Citing her own research, Major writes:

[B]ased on clinic interviews in the 1990s with more than 400 women who obtained a first-trimester abortion, shows that women who terminate an unplanned pregnancy report a range of feelings, including sadness and loss as well as relief. Nonetheless, two years after their abortion, most women say they would make the same decision if they had it to do over again under the same circumstances. Because of the stigma attached to abortion in our society, however, most women feel they can’t talk about their abortions – unless they repent. [emphasis added].

Yet despite the evidence, claims about the adverse effects on women of abortion are widespread and rarely challenged by the mainstream media.  In fact, they are, to the contrary, perpetuated by the media. 

For example, unsubstantiated claims about mental health were rife in debates about Nebraska’s abortion law, yet few if any stories generated by media outside the reproductive health community pointed to the lack of any evidence to support the claims on which the law was being written. Moreover, when quoting “experts,” equal time was often given to those who had no evidence to back up their claims as to those with knowledge of solid research and evidence on these issues, implying that the “viewpoints” or blatant misinformation spread by one set of actors were of equal merit to peer-reviewed research and data, even when that data proved otherwise. 

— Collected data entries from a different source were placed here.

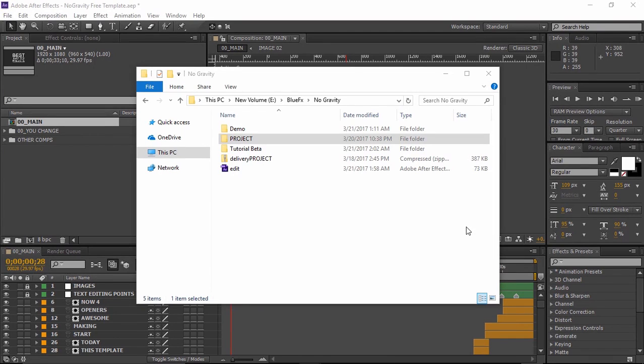Hi and thank you for downloading this project. This template is a free template offered by bluefx.net. Let's go ahead and take a look at how to edit this project.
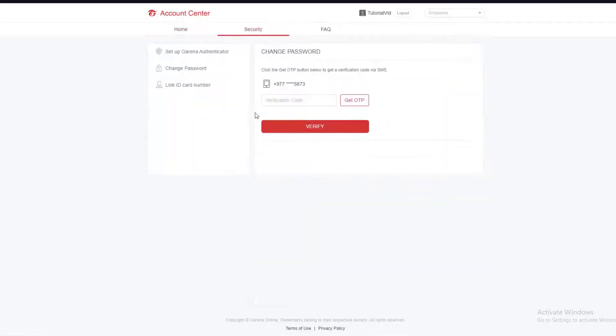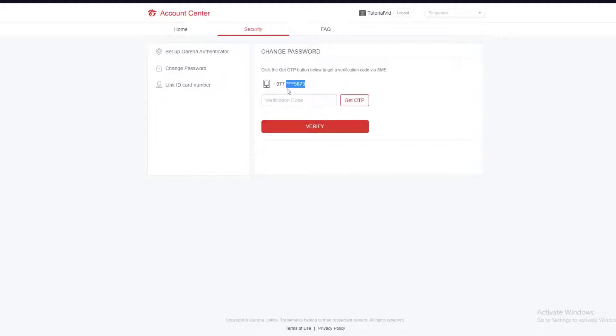First of all, in order to change your password, you want to click on Get OTP and a verification code will be sent to the phone number that you have provided Garena. Then you'll have to enter the verification code that was sent to your phone as a text right over here and click on Verify.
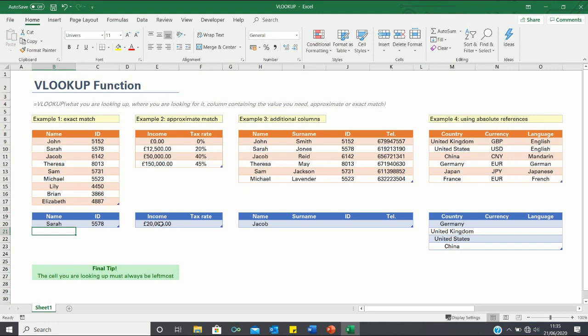Here we are looking up an income of 20,000, however we are only provided with tax bands of 0, 12,500, 50,000, and 150,000. In such situations we need to use an approximate match.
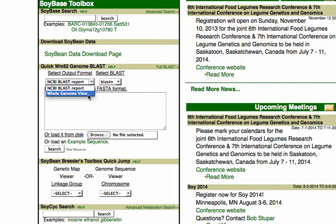Each of the glyphs on the 20 chromosomes represents a hit that your sequence had, and this type of view allows you to see whether all of your hits were clustered or whether they were spread out across all 20 chromosomes.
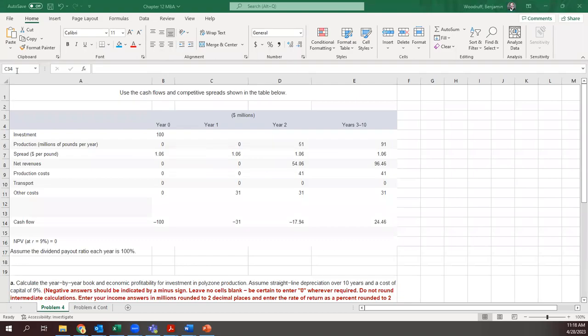All right, so a lot of the problems in chapter 12 deal with economic value added. I'm doing problem four, but I'm gonna upload the spreadsheet and then you can apply this for two or eight. It's based on this same thing.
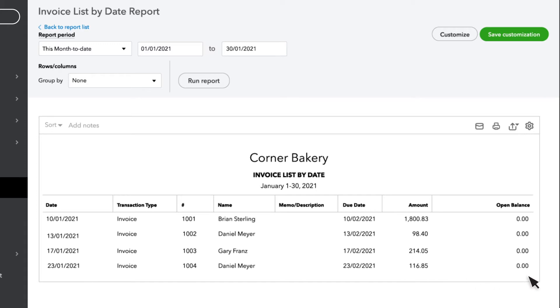If we look at this report, we are not able to see a total of all of our invoices. It merely lists each and every invoice that was entered in QuickBooks over the date range we have selected right here.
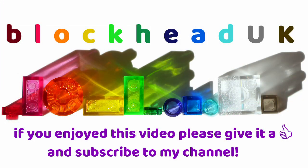If you enjoyed this video, please give it a like and subscribe to my channel so you can see new content when it is released.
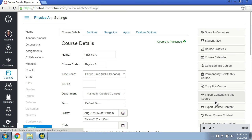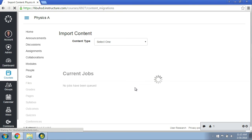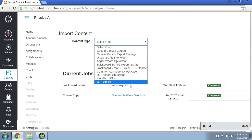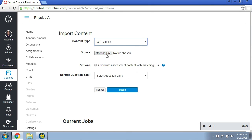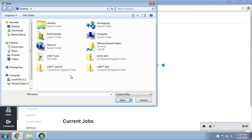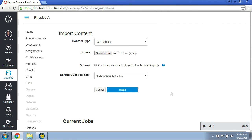Import Content Into This Course. I would go ahead and select QTI, and then I would choose the file, the WebCT 2, hit Open, and then go ahead and click Import. That would come through. All your images will come through. All the point values will be correct, and that's another workaround for the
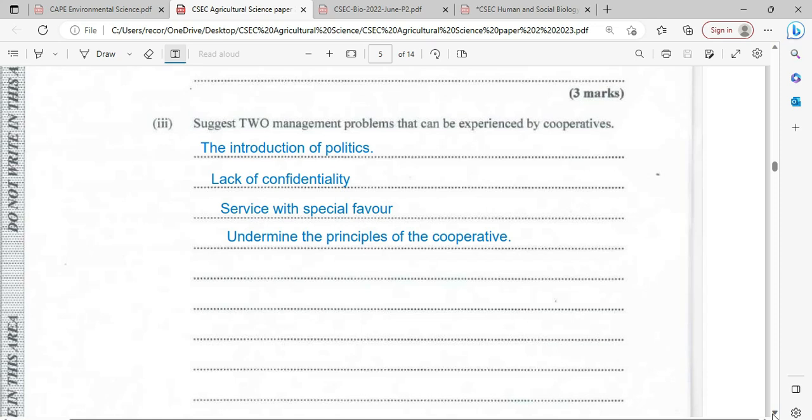There are two management problems that can be experienced by cooperatives. The first is the introduction of politics. In Jamaica, depending on the party that is in power, members of that party might be given favored treatment. The second is a lack of confidentiality — a member's business plan and financial information may be leaked, meaning customer information is not protected. That is a major management problem.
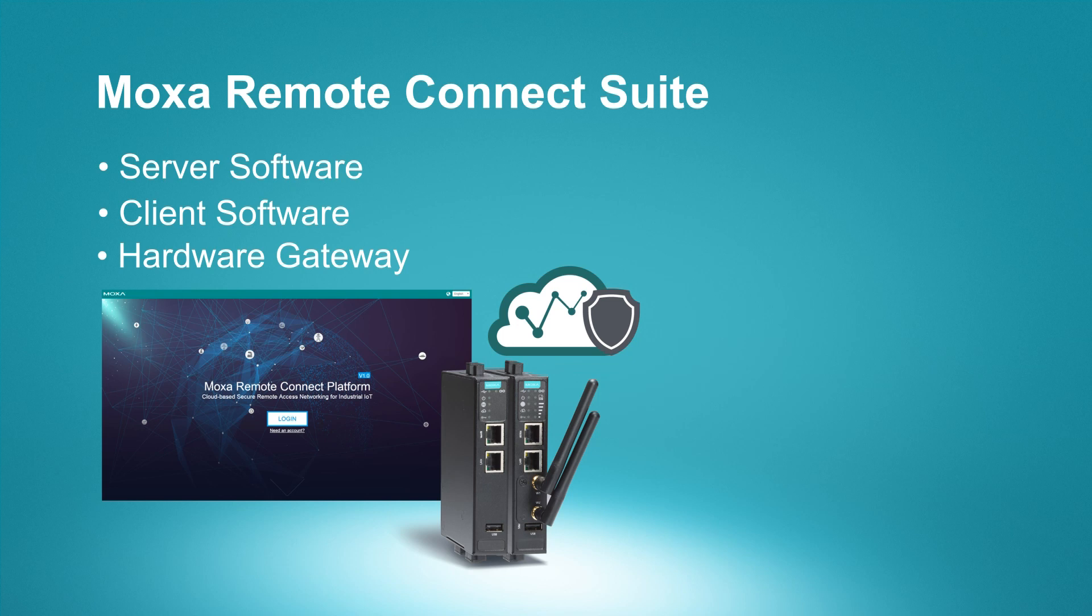Moxa Remote Connect, the ideal solution for secure remote access. Contact us directly, or visit Moxa's website to learn more.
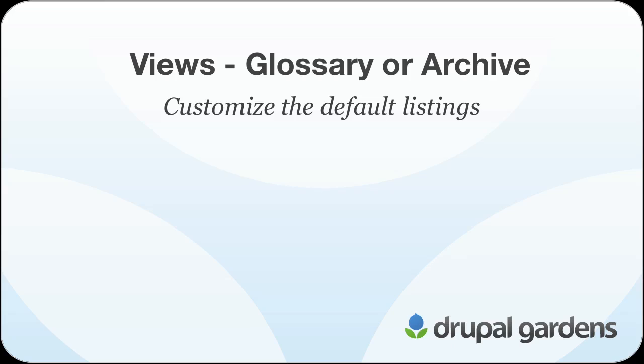This is the second screencast in a four-part introduction to using views in Drupal Gardens to make custom listings of content.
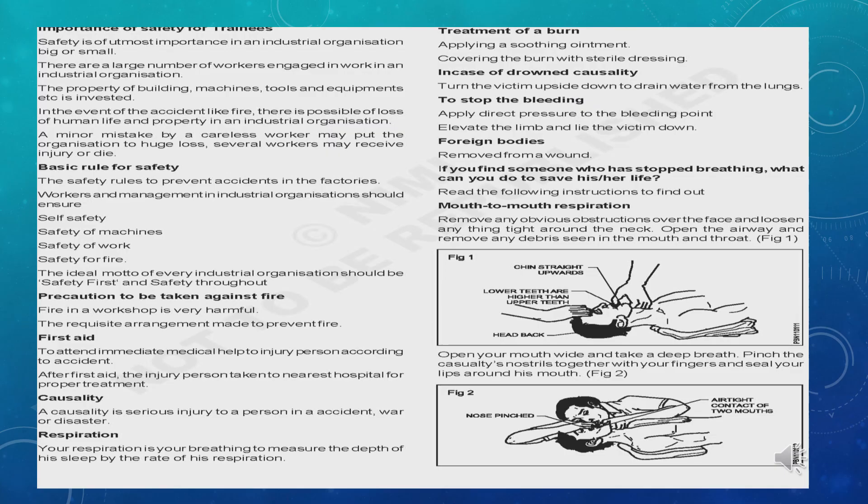The importance of safety for trainees in an industrial organization: safety is one of the best practices. Events like fire accidents endanger human life and property. The basic rule for safety is that workers and management in industrial organizations should ensure self-safety, safety of machines, safety of work, and safety for fire. Every organization's ideal motto is safety first and safety throughout. Precautions must be taken against fire in workshops.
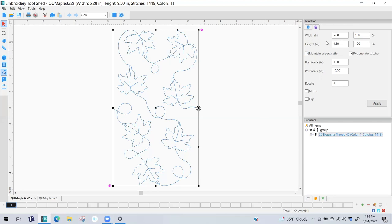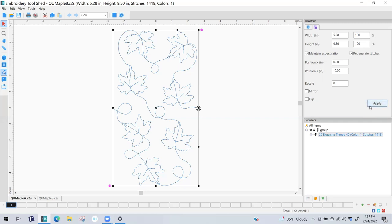The Property Box tells us all the different properties for the design. For example, it tells us the width of the design is 5.28 and the height is 9.5. We have a checkbox called Maintain Aspect Ratio, and we have Regenerate Stitches. We also have the position on the X and Y coordinate - you'll probably never use that, but it should be at zero zero, meaning the design is centered. We don't want to rotate, mirror, or flip it. The most important button is the Apply button - if we make changes we have to hit Apply, otherwise the changes won't take effect.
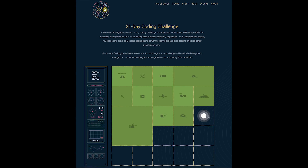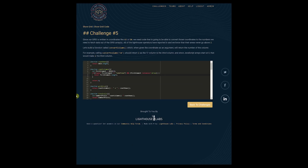This is the 21-day coding challenge dashboard. I've already registered and signed in, and this is where you will land. You have this grid here and each of those green rectangles represents one challenge. As you can see, I've already solved a good number of those coding challenges. Today we are going to look at day five. You see some code here already — this is code from challenges one to four.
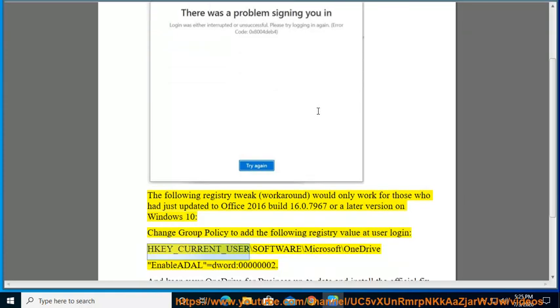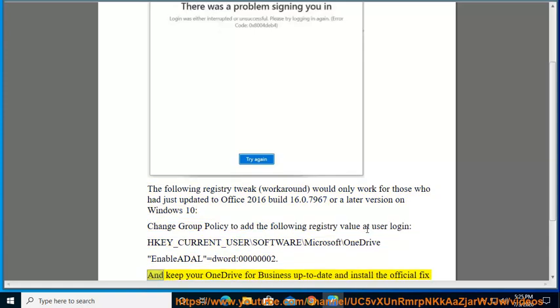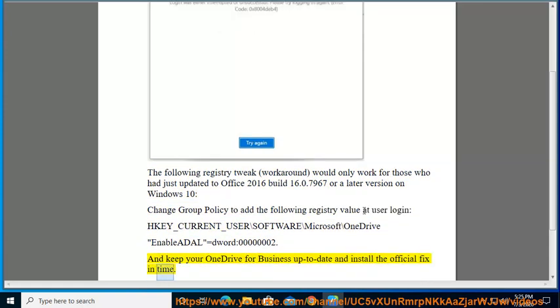HKEY_CURRENT_USER\Software\Microsoft\OneDrive, EnableODAL = DWORD 00000002. Keep your OneDrive for Business up to date and install the official fix in time.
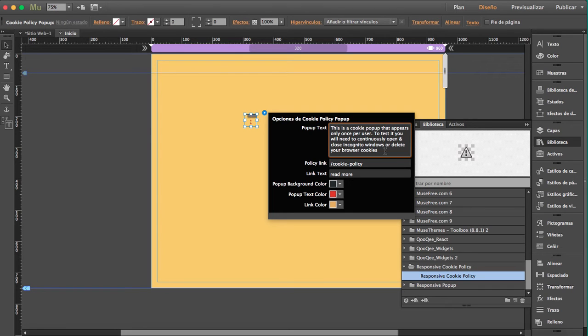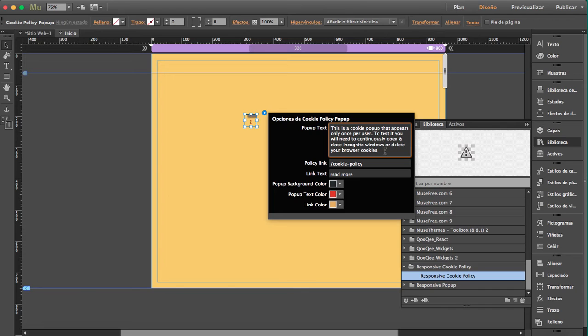So if while you're designing and testing and previewing, and if you find out that you won't see it the second time you want to preview it, that means you have to use an incognito or private window. Okay, so I use Mac and in Safari and Chrome you have that option. So just remember that, use incognito and private windows.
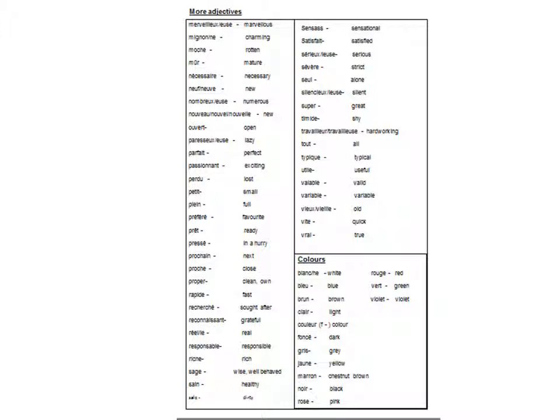Sain, sale, sensace, satisfait, sérieux, sérieuse, sévère, seul, silencieux, silencieuse, super, timide, travailleux, travailleuse, dur, vieille, vieux, vite, vrai.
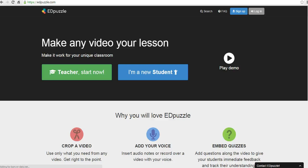Hi, this is Richard Byrne at freetechforteachers.com. In this video I want to give you a short overview of Edpuzzle. Edpuzzle is a nice little tool for creating flipped lessons using videos that you find online or using videos that you own and have saved on your computer. So let's go ahead and get started here.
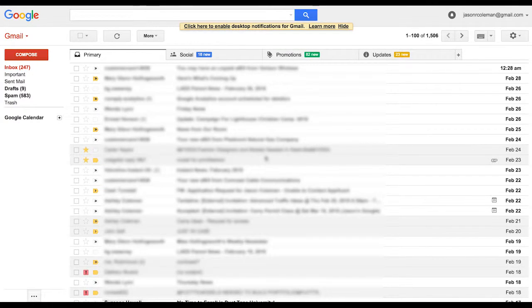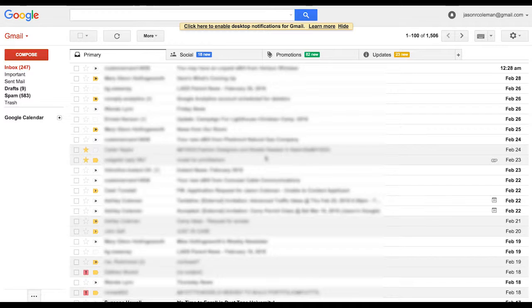Hey what's up you guys, it's Jason Coleman with Extreme Measures Creative and I just wanted to follow up on the Facebook contact import video with a quick video on how simple it is to export your Gmail contacts.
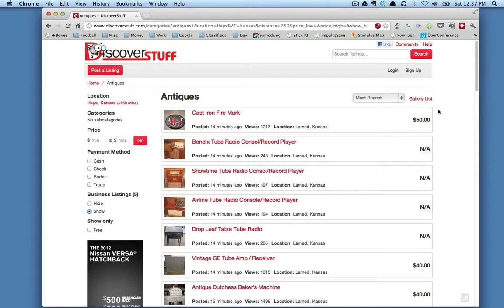You can switch between these — the gallery or the list view — on any category anytime you want, just by coming over here and clicking one of these two links.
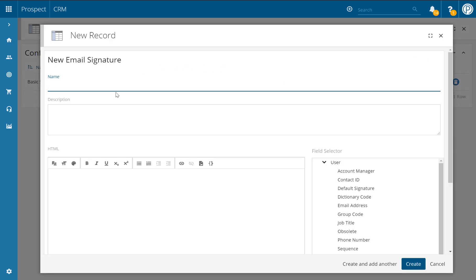First of all you'll need to give your new signature a relevant name and description. These should help explain to other users when this email signature template should be used. For example, if you have an email signature promoting an upcoming event or promotion, you can add all of those details to specify when the signature should be used. For this one though, we might just be setting up a new default one that people should be using on a day-to-day basis, so we might call that default signature.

A similar failure of media responsibility occurrs with claims about “fetal pain,” a claim made by anti-choicers for which there is no evidence.  Recently, the Washington Post’s “On Faith” section gave a platform to each of two anti-choice advocates who spread misinformation on fetal pain (among a range of other things), Charles Camosy and Jill Stanek.  These are people whose agenda it is to deprive women of their agency in making choices for themselves about when, whether, and with whom to bear a child, and use wild and unsubstantiated claims in doing so, yet get space in “venerated” papers such as the Post. It does not suffice to say, “well, the Post also published Brenda Major’s article,” because again that is drawing equivalency between people who use lies to push for policies that accord with their own ideological agenda, and those who seek to inform public policy based on the best available evidence.  What standard is the Post accountable for when publishing people who are using religion and ideology as a means of depriving women (gay people, teens, prisoners, others) of their rights using unsupported claims?  Is it enough to articulate a “religious view” as a marker of legitimacy?  If the Catholic Church tomorrow decided it once again supported the view that the earth is flat, would the Post give the United States Conference of Catholic Bishops a page to argue that, and leave it unanswered?

False claims and lies used to advance political and ideological agendas are a central component of the anti-choice uber-strategy, but these same efforts to distract, deflect, and misinform are becoming an increasingly prevalent and uncontested characteristic of our social discourse more broadly–on gay rights, immigrants rights, climate change and inequality, among other areas of concern. In the abortion debate as in the political debate writ large, campaigns gear up to “inform” through misinformation leading to “misinformed choices” that comport with the agendas of those in power or who wish to be in power.  As our “mendocracy” has become more and more entrenched, Pearlstein states at Daily Beast: “Governing has become impossible.”  These trends endanger and diminish all of us and undermine the very fabric of a society seeking to survive and prosper.  It is up to each of us to protest the “age of misinformation” and stop it in its tracks.